Biologics have become the main treatment modality for psoriasis in recent decades [3]. Ustekinumab a monoclonal antibody against human interleukin (IL)-12 and IL-23, exhibits high efficacy with relatively low adverse events among various biologics for psoriasis [4].

The incidence of tuberculosis varies worldwide, of those infected with Mycobacterium tuberculosis, only about 5% - 10% develop active tuberculosis during their lifetime [5] [6]. Most other patients carry latent tuberculosis infection remaining asymptomatic and noninfectious while their host immune response contains the infection. The immune system may then eradicate the LTBI, or the infection may remain and become activated at a later point in time, sometimes several years later [7]. However, patients with LTBI and an impaired immune system, such as those co-infected with human immunodeficiency virus or those receiving immunosuppressive treatment, have a much higher likelihood of developing active tuberculosis [8] [9].

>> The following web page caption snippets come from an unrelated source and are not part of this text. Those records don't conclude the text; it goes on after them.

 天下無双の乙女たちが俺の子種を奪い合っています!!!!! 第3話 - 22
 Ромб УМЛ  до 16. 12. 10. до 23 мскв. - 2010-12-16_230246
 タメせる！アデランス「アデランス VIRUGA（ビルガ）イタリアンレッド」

The immune response produced by the interleukin (IL)-12 and IL-23 pathways is important for host protection against bacterial and parasitic infections and intracellular pathogens [10] [11] [12] [13].

In the present case reports, we are describing 3 patients with a history of moderate-to-severe psoriasis and newly identified LTBI who were treated with INH before starting Ustekinumab treatment without increasing the risk of TB reactivation over a 2 years followed-up period. The written consent form was taken from patients about the publication of their conditions.

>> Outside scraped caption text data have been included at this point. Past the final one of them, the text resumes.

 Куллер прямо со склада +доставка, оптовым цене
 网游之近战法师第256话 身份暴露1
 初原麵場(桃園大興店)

A 32-year-old male patient presented to our clinic with a 15 years history of moderate-to-severe plaque psoriasis without joint involvement. His previous treatments consisted of topical calcipotriol, narrow band UVB phototherapy, and methotrexate (MTX) with limited clinical response. Physical examination revealed multiple erythematous, scaly, and indurated plaques involving approximately 40% of body surface area (BSA) including the scalp, trunk, upper and lower extremities, with psoriasis area and severity index score (PASI) 13.5. Thus biological therapy was recommended and during screening, the patient had a positive Quantiferon test (QuantiFERON-TB test (Cellestis, Carnegie, Vic., Australia)), positive TST, and a negative chest x-ray, consistent with LTBI. Referred patient to pulmonology clinic and due to the concern for potential LTBI reactivation, they recommend INH 300 mg daily monotherapy prophylaxis for 9 months. The patient completed a 2-month course of INH therapy before starting the biological injection. Ustekinumab 45 mg was administered by subcutaneous injection at weeks 0 and 4, and then every 12 weeks thereafter. The patient experienced dramatic clinical improvement over the next 28 weeks with 1% BSA affected and a PASI score of 1.2.

Every 6 months the chest x-ray, and QuantiFERON-TB test was obtained and did not show any evidence related to reactivation of LTBI over 2 years of followed-up.

A 37-year-old male patient presented to our clinic with an 8 years history of severe plaque psoriasis without joint involvement.

Previous treatment consists of multiple topical steroids, narrow band UVB phototherapy, and oral acitretin with limited clinical response.

Physical examination revealed multiple erythematous, scaly, and indurated plaques involving approximately 55% of BSA including the scalp, trunk, upper and lower extremities, with a PASI score of 21. Thus biological therapy was recommended and during screening, the patient had a positive QuantiFERON-TB test, positive TST, and a negative chest x-ray consistent with LTBI. Referred patient to pulmonology clinic who decide to start INH prophylaxis 300 mg daily over 9 months. The patient completed a 2 months course of INH prophylaxis before starting the biological injection. Ustekinumab 90 mg was administered by subcutaneous injection at weeks 0 and 4, and then every 12 weeks thereafter. The patient experienced dramatically clinical improvement over the next 28 weeks with less than 1% BSA affected and a PASI score of 1.3.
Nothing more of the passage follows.